In vigore la Convenzione di Lanzarote

12/07/2010

Il primo luglio è entrata in vigore, nei paesi che l'hanno ratificata, la Convenzione europea per la protezione dei minori contro lo sfruttamento e l'abuso sessuale. Firmato da trentanove sui quarantasette stati membri del Consiglio d'Europa, il documento è attualmente in discussione nel Parlamento italiano.

La convenzione di Lanzarote, dall'isola dell'arcipelago delle Canarie dove è stata adottata nel 2007 durante un meeting dei ministri europei della Giustizia, «affronta sistematicamente le tematiche relative alla protezione dei minori dallo sfruttamento sessuale e dall’abuso, introducendo princìpi generali, prevedendo misure preventive e autorità specializzate per la protezione dei minori, nonché specifici programmi di intervento a protezione e assistenza delle vittime» (così si legge nel testo di accompagnamento al disegno di legge  che attende l'approvazione del Parlamento).

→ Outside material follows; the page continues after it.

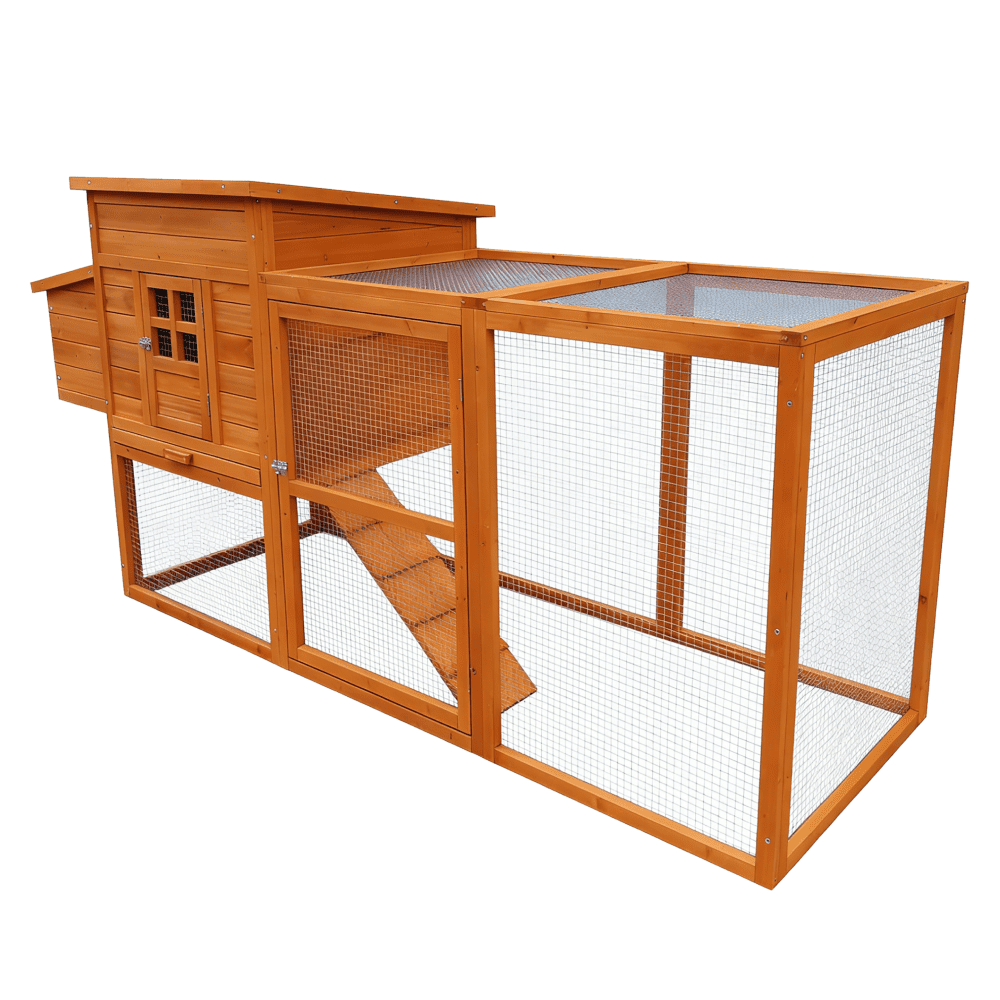 Kurník pre sliepky, hnedá/zelená, jedľa, pozinkovaná oceľ, FUROL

Tra le altre cose, il documento impegna gli Stati membri del Consiglio d'Europa a modificare e armonizzare le norme vigenti nei singoli Stati in materia di sfruttamento e di abusi sessuali nei confronti dei minori per evitare che gli Stati dotati di una legislazione meno rigida possano essere scelti come luogo per commettere delitti di natura sessuale. Tre gli obiettivi fondamentali: «prevenire e combattere lo sfruttamento sessuale e l’abuso sessuale dei minori; proteggere i diritti dei minori vittime di sfruttamento sessuale e abuso sessuale; promuovere la cooperazione nazionale e internazionale contro lo sfruttamento sessuale e l’abuso sessuale dei minori».

Come segnalato da Tessa Onida nel commento al ddl italiano, «per migliorare la tutela offerta ai minori si è anche anticipata la soglia di punibilità dei comportamenti dei pedofili ponendo l’attenzione a tutti quegli atteggiamenti che spesso si riscontrano nei momenti che precedono l’abuso: a questo proposito sono stati introdotti i nuovi reati di pedopornografia culturale e dell’adescamento via Internet».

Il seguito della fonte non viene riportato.